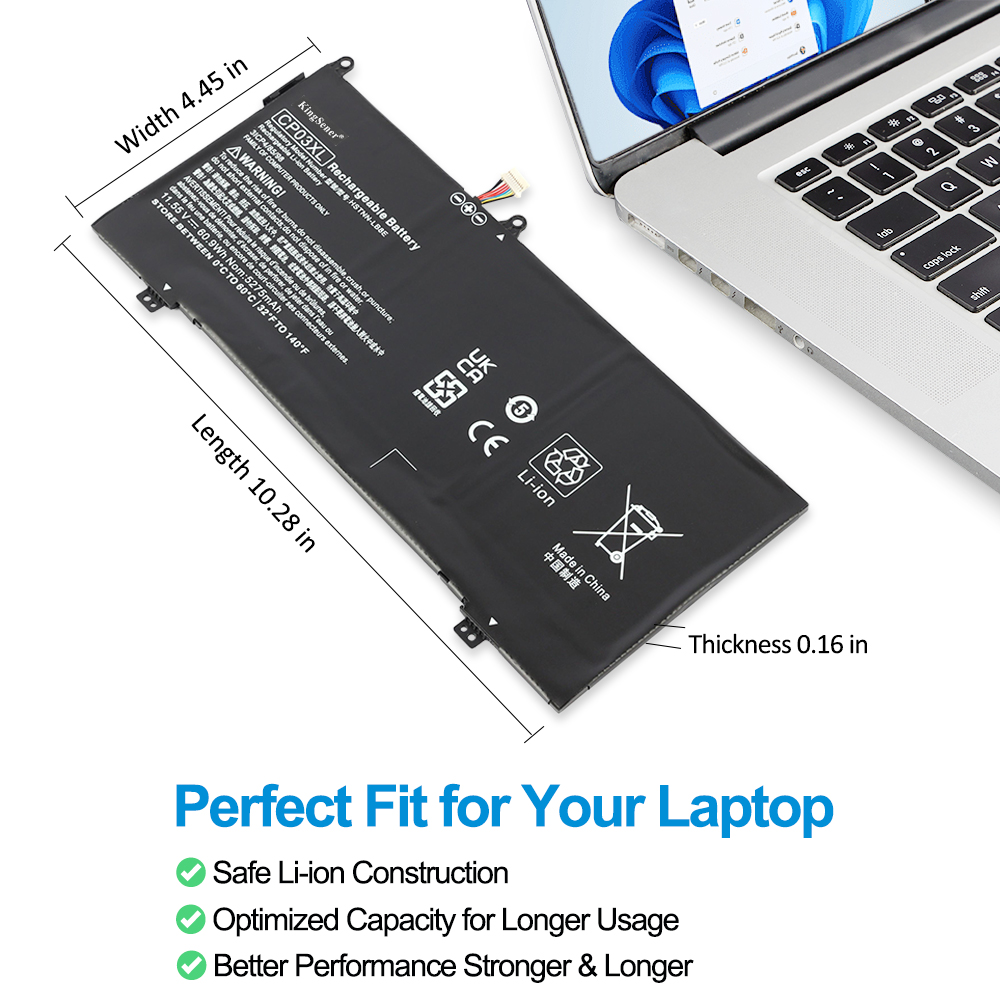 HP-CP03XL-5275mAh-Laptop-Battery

---

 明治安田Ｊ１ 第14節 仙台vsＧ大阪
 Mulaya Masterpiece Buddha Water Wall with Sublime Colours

■ **About this task**: In the entries above, find the line holding "明治安田Ｊ１ 第14節 仙台vsＧ大阪" and the line holding "Mulaya Masterpiece Buddha", then retype exactly those two lines and every line between them, and nothing else.

■ **Answer to the problem**:
 明治安田Ｊ１ 第14節 仙台vsＧ大阪
 Mulaya Masterpiece Buddha Water Wall with Sublime Colours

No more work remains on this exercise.